An seinem persönlichen Tiefpunkt ist Helmich zehn oder elf Jahre alt. Er ist gerade auf die weiterführende Schule gekommen. Bei einer Operation wurden ihm die Knochen zwischen Knie und Fuß durchgeschnitten, damit sie mit Hilfe eines „Fixateurs“, einer Art Zahnspange für den Unterschenkel, verschoben werden können. Er geht an Krücken und sitzt im Rollstuhl. Für sechs Monate.

Helmich hat ständig Schmerzen in den Beinen. Er kann kurze Wege im Haus mit Krücken gehen, aber kommt die Treppenstufe nach der Haustür nicht allein mit dem Rollstuhl herunter.

Helmich fühlt unselbstständig. Ans Haus gebunden. Er hat schon seit Jahren das Gefühl, sich selbst durch seine Behinderung im Weg zu stehen. Jetzt zieht er sich immer mehr zurück, sucht keine sozialen Kontakte mehr.
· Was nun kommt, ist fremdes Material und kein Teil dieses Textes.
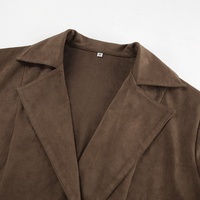 Manteau trench court chic en faux daim marron style vintage avec revers crantés et ceinture pour femme – Collection Automne Hiver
„Wollte nur, dass das Leid aufhört“

Eine hoffnungslose Zeit. „Ich fühlte mich perspektivlos“, sagt Helmich. „Ich habe keinen Weg gesehen, wie es besser wird“. Er kommt an die Grenzen seines Glaubens an Gott. Leidet unter Depressionen. Hat Suizidgedanken. „Ich wollte einfach nur, dass das Leid aufhört“, sagt er.

Zur Not mit radikalsten Mitteln.

Was Helmich vom Suizid abhält, ist der Gedanke an seine Familie. Wie schlimm wäre das für sie? Welche Vorwürfe würden sie sich machen?

Helmichs Mutter spürt immer mehr, wie schlecht es ihrem Sohn geht. Sie setzt sich dafür ein, dass ein Psychologe ihn betreut. Um die Klumpfüße weiter zu behandeln, wird sie ihren Sohn jahrelang zu einem Spezialisten von Dortmund nach Freiburg fahren.

Wer das Gefühl hat, an einer Depression zu leiden oder sich in einer scheinbar ausweglosen Lebenssituation zu befinden, sollte nicht zögern, Hilfe anzunehmen. Hilfe bieten zum Beispiel auch die Telefonseelsorge in Deutschland unter 0800 11 0 111, das Info-Telefon Depression unter 0800 3344533 oder die Stiftung Deutsche Depressionshilfe auf ihrer Website.

Bloß nicht auffallen

Nach der dunkelsten Phase geht es Jan Helmich körperlich und mental langsam besser. Aber er hat immer noch das Gefühl, anders zu sein. Er erzählt, wie er mit seinem Selbstvertrauen zu kämpfen hat. Und sagt: „Wenn du dann auch noch als orthopädische Schuhe dicke schwarze Lederklötze an den Füßen trägst – das ist schon heftig.“ 

Helmich will in der Schule unter dem Radar laufen. Bloß nicht auffallen, bloß nicht als Streber gelten. Also lässt er das Lernen ordentlich schleifen.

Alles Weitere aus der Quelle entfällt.